Next to the metrics of performance, we plot the strengths of the individual coefficients again. Here are two ways to do so.

# Plot the coefficients
plt.plot(range(len(col_names)), ridge_coef)
plt.xticks(range(len(col_names)), col_names.values, rotation=60) 
plt.margins(0.02)
plt.show()

plt.figure(figsize = (8,6))
coef_plot = pd.Series(ridge_reg.coef_, index = col_names)
coef_plot.plot(kind='barh')
plt.title('Ridge regression')
plt.xlabel('Coefficients')
plt.ylabel('Predictors')
plt.show()

3.2 Lasso Regression

Lasso Regression is generally used when we have more number of features, because it automatically does feature selection.

lasso_reg = Lasso(alpha=0.3, fit_intercept=True)

lasso_reg.fit(trainX, trainY)

print('Training score (R²): {}'.format(lasso_reg.score(trainX, trainY)))
print('Test score (R²): {}'.format(lasso_reg.score(testX, testY)))

y_pred = lasso_reg.predict(testX)

print('Mean Absolute Error:', metrics.mean_absolute_error(testY, y_pred))  
print('Mean Squared Error:', metrics.mean_squared_error(testY, y_pred))  
print('Root Mean Squared Error:', np.sqrt(metrics.mean_squared_error(testY, y_pred)))

lasso_coef = lasso_reg.coef_
df = list(zip(col_names, lasso_coef))
df = pd.DataFrame(df, columns=['Features', 'Coefficient'])
df

# Plot the coefficients
plt.plot(range(len(col_names)), lasso_coef)
plt.xticks(range(len(col_names)), col_names.values, rotation=60) 
plt.margins(0.02)
plt.show()

plt.figure(figsize = (8,6))
coef_plot = pd.Series(lasso_reg.coef_, index = col_names)
coef_plot.plot(kind='barh')
plt.title('Lasso regression')
plt.xlabel('Coefficients')
plt.ylabel('Predictors')
plt.show()

3.3 Elastic Net

Elastic Net is a combination of ridge regression and lasso regression.

ElaNet_reg = ElasticNet()

ElaNet_reg.fit(trainX, trainY)

print('Training score (R²): {}'.format(lasso_reg.score(trainX, trainY)))
print('Test score (R²): {}'.format(lasso_reg.score(testX, testY)))

y_pred = ElaNet_reg.predict(testX)

print('Mean Absolute Error:', metrics.mean_absolute_error(testY, y_pred))  
print('Mean Squared Error:', metrics.mean_squared_error(testY, y_pred))  
print('Root Mean Squared Error:', np.sqrt(metrics.mean_squared_error(testY, y_pred)))

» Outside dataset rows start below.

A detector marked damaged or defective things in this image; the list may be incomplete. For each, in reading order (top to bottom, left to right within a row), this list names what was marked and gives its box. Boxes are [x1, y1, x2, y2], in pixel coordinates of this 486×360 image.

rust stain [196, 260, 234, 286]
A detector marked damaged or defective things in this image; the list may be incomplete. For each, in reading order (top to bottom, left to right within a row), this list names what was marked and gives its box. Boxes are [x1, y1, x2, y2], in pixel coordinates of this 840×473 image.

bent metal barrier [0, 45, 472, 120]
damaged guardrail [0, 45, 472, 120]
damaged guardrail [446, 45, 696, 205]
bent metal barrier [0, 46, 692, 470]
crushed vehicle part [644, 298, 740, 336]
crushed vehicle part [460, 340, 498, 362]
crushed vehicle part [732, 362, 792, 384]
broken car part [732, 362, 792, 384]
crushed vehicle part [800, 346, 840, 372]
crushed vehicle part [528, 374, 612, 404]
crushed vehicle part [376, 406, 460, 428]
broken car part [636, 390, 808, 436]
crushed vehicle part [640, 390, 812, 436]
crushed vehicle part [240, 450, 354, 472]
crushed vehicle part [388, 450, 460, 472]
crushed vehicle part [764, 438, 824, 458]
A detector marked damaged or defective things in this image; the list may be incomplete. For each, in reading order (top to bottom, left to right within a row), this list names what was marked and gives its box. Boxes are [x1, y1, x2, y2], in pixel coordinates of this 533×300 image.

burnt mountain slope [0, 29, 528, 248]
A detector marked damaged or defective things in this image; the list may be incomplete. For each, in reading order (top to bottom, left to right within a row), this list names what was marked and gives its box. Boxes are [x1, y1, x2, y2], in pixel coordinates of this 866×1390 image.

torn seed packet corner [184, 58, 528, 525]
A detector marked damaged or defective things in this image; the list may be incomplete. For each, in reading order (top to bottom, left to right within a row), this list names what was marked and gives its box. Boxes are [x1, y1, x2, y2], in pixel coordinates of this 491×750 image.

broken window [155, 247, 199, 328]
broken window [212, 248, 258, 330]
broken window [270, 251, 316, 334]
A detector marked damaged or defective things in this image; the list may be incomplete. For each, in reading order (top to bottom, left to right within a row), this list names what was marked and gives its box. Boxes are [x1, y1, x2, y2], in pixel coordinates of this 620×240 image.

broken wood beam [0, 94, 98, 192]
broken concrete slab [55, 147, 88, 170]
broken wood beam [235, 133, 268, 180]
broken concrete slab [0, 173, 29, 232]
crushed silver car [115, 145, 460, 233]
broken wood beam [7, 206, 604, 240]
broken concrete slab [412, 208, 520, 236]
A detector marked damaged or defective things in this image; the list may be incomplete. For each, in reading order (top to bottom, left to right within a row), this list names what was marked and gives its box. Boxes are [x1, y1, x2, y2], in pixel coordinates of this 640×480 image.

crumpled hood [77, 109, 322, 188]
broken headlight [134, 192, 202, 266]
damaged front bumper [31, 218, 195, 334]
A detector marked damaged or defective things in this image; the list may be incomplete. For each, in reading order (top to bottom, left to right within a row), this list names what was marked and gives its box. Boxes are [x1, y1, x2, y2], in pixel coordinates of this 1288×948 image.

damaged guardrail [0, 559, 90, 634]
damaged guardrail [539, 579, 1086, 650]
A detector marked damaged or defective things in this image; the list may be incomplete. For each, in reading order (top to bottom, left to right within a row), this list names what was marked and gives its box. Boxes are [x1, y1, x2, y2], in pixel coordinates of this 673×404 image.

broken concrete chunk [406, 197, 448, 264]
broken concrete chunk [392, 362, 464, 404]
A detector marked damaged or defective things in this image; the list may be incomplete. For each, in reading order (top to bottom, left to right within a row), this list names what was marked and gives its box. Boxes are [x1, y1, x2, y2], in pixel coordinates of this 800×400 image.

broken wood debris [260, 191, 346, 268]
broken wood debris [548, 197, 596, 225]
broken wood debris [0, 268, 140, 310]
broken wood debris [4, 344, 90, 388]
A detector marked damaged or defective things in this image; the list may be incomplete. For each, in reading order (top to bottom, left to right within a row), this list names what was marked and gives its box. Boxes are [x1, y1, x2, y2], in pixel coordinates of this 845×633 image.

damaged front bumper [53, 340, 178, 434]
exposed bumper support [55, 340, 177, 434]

ElaNet_coef = ElaNet_reg.coef_
df = list(zip(col_names, ElaNet_coef))
df = pd.DataFrame(df, columns=['Features', 'Coefficient'])
df

# Plot the coefficients
plt.plot(range(len(col_names)), ElaNet_coef)
plt.xticks(range(len(col_names)), col_names.values, rotation=60) 
plt.margins(0.02)
plt.show()

plt.figure(figsize = (8,6))
coef_plot = pd.Series(ElaNet_reg.coef_, index = col_names)
coef_plot.plot(kind='barh')
plt.title('Lasso regression')
plt.xlabel('Coefficients')
plt.ylabel('Predictors')
plt.show()

4 Grid Search

Grid search is an approach to parameter tuning that will methodically build and evaluate a model for each combination of algorithm parameters specified in a grid.

4.1 Grid for Ridge

The code below evaluates different alpha values for the Ridge Regression.

ridge_reg = Ridge()

param_grid = [{'alpha':[1e-15, 1e-10, 1e-8, 1e-4, 1e-3,1e-2, 1, 2, 5, 7, 10, 15, 20]}]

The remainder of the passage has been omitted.